Given a finite group $G < Sym(\Omega)$; $\Omega$ finite, and $X \subset \Omega$, I can define a by the function $H(g) = \{x^g \| x \in X\}$ for each $g \in G$. Of course, each $H$ has the same size as $X$. Two different elements of $G$, $g_1,g_2$ may generate the same set $H(g_1)=H(g_2)$. Taking the collection of all such sets, $\mathscr{H} = \bigcup_{g \in G} H(g)$
I need to find $\mathscr{H}$, so what is the fastest way to find $F \subset G$ such that $\mathscr{H}$ is the disjoint union over $F$?
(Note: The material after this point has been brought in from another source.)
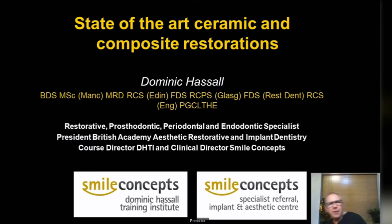What we're going to be covering this evening is really bringing everybody up to date on modern ceramics and also modern composite restorations, looking at how we can incorporate some of these developments into our practice.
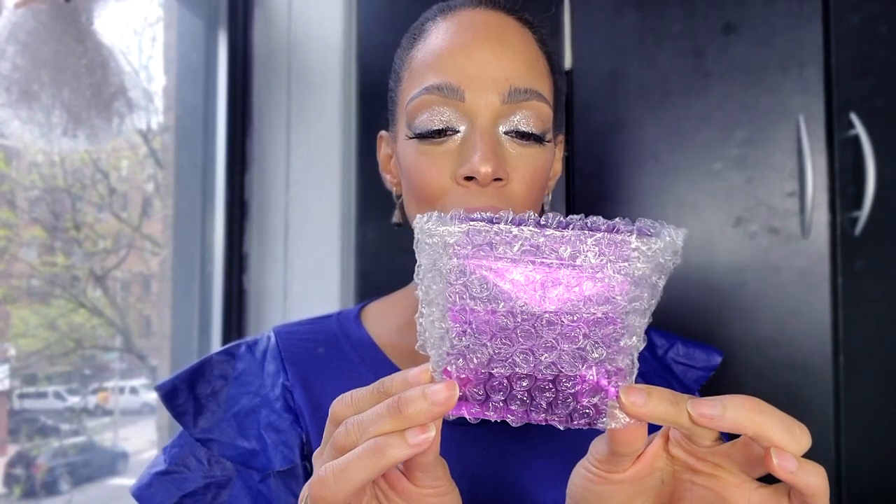I purchased six of the Opal Lustrous eyeshadows because they're meant to be more glittery and foiled, and that's exactly what I was looking for because I'm obsessed. Keep in mind this is a first impression — I just received them yesterday. I'm wearing one of them on my eyes today. They come in this little packaging right here, and the bubble wrap is just to keep them from breaking.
(I'm more interested mathematically how to do so, but I also need to compute the result. I am using GAP currently, with the following script:
setToThe := function(set,g) local x, l, i, s; l := []; i := 1; for s in set do x := s^g; l[i] := x; i := i + 1; od; return l; end; grp := ...; set := ...; unique := []; unique[1] := set; for g in grp do allGood := true; startUnique := Size(unique); for j in [1..startUnique] do newset := setToThe(set,g); Sort(newset); if newset = unique[j] then allGood := false; break; fi; od; if allGood then unique[Size(unique)+1] := newset; fi; od;